Wisconsin Labor and Industry Review Commission --
Summary of Wisconsin Court Decision relating to Unemployment Insurance

Subject: Brian G. Kilgore (Hearing No. 96201019EC) v. Wisconsin Indianhead Technical College and Labor and Industry Review Commission, Case 96-CV-318 (Wis. Cir. Ct., Douglas Co., March 26, 1997)

Digest Codes:  VL 1007.15   VL 1014   VL 1023.01

The employe worked for about four years as a custodian. He was videotaped removing food from the employer’s food service area and going through the desks and file drawers of other employes. As a result, he was scheduled to meet with representatives of the employer and the union in a disciplinary meeting, but he did not attend the meeting. The employer and the union representatives did meet, and after the employer indicated its intention to implement discharge proceedings, the union representative asked whether the employer would be willing to accept the employe’s resignation. The employer indicated it would, and the union representative subsequently advised the employe to resign rather than face disciplinary proceedings. The employe resigned.

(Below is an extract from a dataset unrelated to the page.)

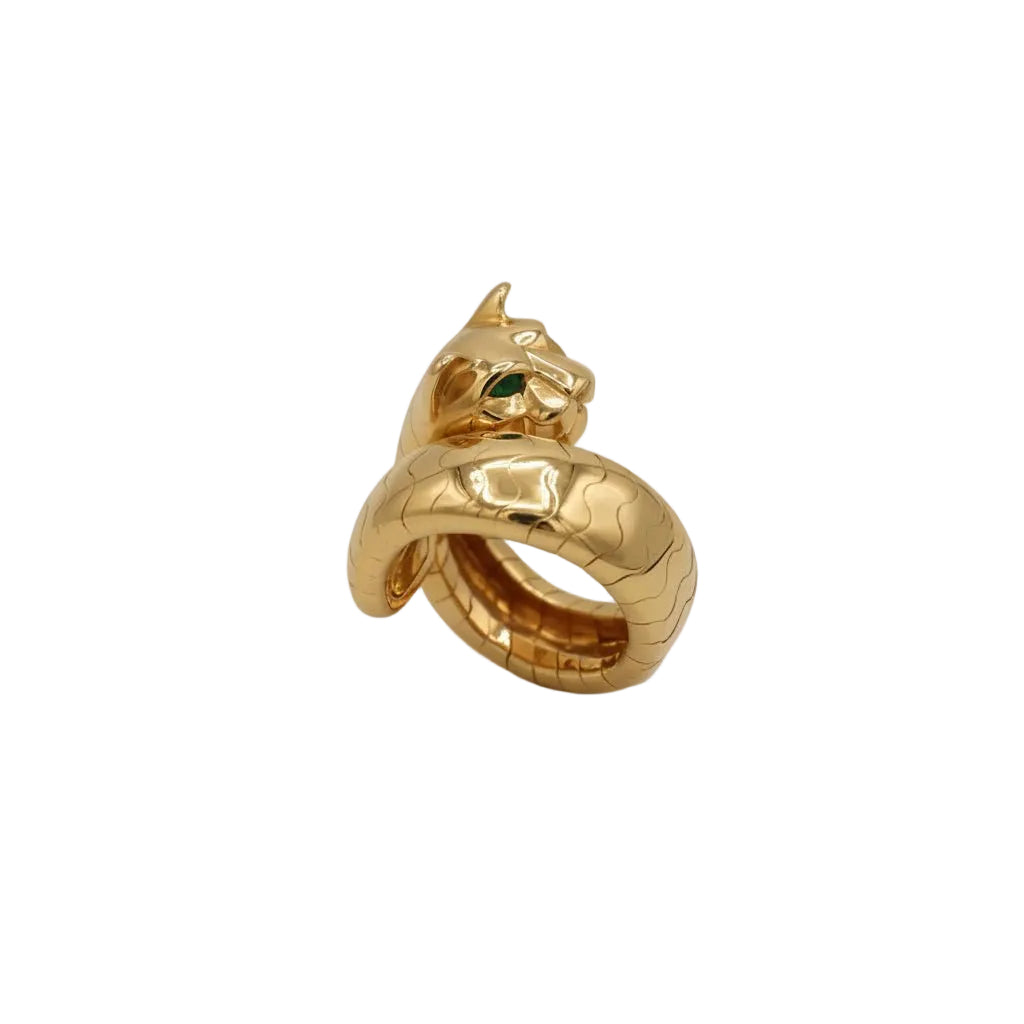 Bague CARTIER, Panthère La Carda en or jaune , tsavorite et onyx - Castafiore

After resigning, the employe visited a drug and alcohol abuse counselor, who told him he was suffering from "dry drunk syndrome." The employe is a recovering alcoholic who has been sober for eight years. The employe asserted that his behavior was the result of this syndrome.

The commission found misconduct. The employe appealed and argued that his actions were not intentional, and that the videotaped behavior was typical behavior for someone with dry drunk syndrome. He also asserted that the employer unfairly discharged him instead of imposing lesser discipline.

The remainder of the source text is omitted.